Economic benefits of pneumo shot in childrenBy Charles E. Buban
Philippine Daily Inquirer
Pneumonia is the most common cause of childhood mortality. In countries where the rate of child death is highest, the disease, characterized primarily by the inflammation or buildup of fluid inside the microscopic sacs in the lungs that absorb oxygen (alveoli), has been described by the United Nations Children’s Fund and the World Health Organization as the major “forgotten killer of children.”
This is because little attention is paid to pneumonia despite the fact that the disease kills over 2 million children—more death than AIDS, malaria and measles combined.
“Immunizing children against pneumonia will provide the greatest benefit to public health. Vaccines are cost-effective, offer lifelong protection and are fundamental to development. And yet, despite all these, immunization coverage is far from universal and faces significant obstacles in both developing and developed countries,” informed Dr. Edith Maes, a senior research fellow and former associate professor at Maastricht School of Management in The Netherlands.
Based on a number of studies done in middle-income countries alone, Maes informed that the use of pneumococcal vaccines will avert over 11 million cases of pneumococcal disease and over 300,000 premature deaths in the next 10 years.
“We should pay more attention to this disease. The benefits of vaccine programs—in particular, their economic effects via improved health—have been underestimated, thereby causing the rate of return to be underestimated,” she said.
Maes added that by reducing illness and long-term disability, vaccines also generate savings for health systems and families.
“Parents spend less time looking after their sick children. By helping children stay healthy and away from pneumonia, vaccines remove a major barrier to human development. They boost development through direct medical savings and indirect economic benefits such as cognitive development and educational attainment of children, labor productivity of their parents, more income and savings for the whole family,” sheexplained.
Maes believes that investing in health pays “double dividend” especially in low- and middle-income countries.
“It is widely recognized in the global health community that vaccination is one of the world’s most important and cost-effective public health measures, with positive socioeconomic effects on society. Thus, health is not only a direct source of human welfare but also an instrument for raising income levels,” she said.
To prove her point she referred to the so-called disability-adjusted life years or DALYs as an effective way to determine the cost effectiveness of getting immunized against a major killer disease.
“To measure the lost value of a healthy life year free of illness and disability, public health refers to DALYs, which combine the years of life lost due to premature death (mortality) and loss of full health due to illness and disability (morbidity),” she explained.
The Commission on Macroeconomics and Health of the WHO has classified interventions that gain a year of healthy life (i.e., a DALY averted) at a cost that is less than the gross domestic product per capita as very cost-effective.

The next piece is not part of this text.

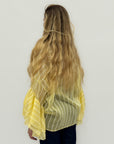Blusa leggera a righe con maniche ampie a balze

Those averting each DALY at a cost between one and three times the GDP per capita are cost-effective.
“Moreover, I would like to stress that based on so many previous studies, one of the important investments that a government could undertake is making sure the children are immunized against all major vaccine-preventable diseases including pneumonia. Yes, the government will have to invest today but consider the huge healthcare costs that the administration could avert now and in the future,” she explained.
She added that the development of new generation pneumococcal vaccines have been proven to be cost-effective in middle- and low-income countries stressing that those that protect against the largest number of serotypes is highly cost-effective.
One example is the 13-valent pneumococcal conjugate vaccine (Pfizer’s PCV13), which offers one of the broadest serotype coverages against invasive pneumococcal disease (it protects against 13 strains).
Considering that about 90 percent of pneumococcal disease victims in the Philippines are below 5 years old, the potential public health benefits of this vaccine in reducing the burden of pneumococcal disease could be significant. PCV-13 is indicated for the prevention of invasive disease, pneumonia, and otitis media (chronic middle ear infection) caused by Streptococcus pneumoniae (serotypes 1, 3, 4, 5, 6A, 6B, 7F, 9V, 14, 18C, 19A, 19F and 23F) in infants and children from 6 weeks to 5 years of age.
“With the emergence of drug-resistant strains, it is a definite call to action for countries in this region to make vaccination with the broadest coverage pneumococcal conjugate vaccine part of their routine immunization schedules,” urged Maes.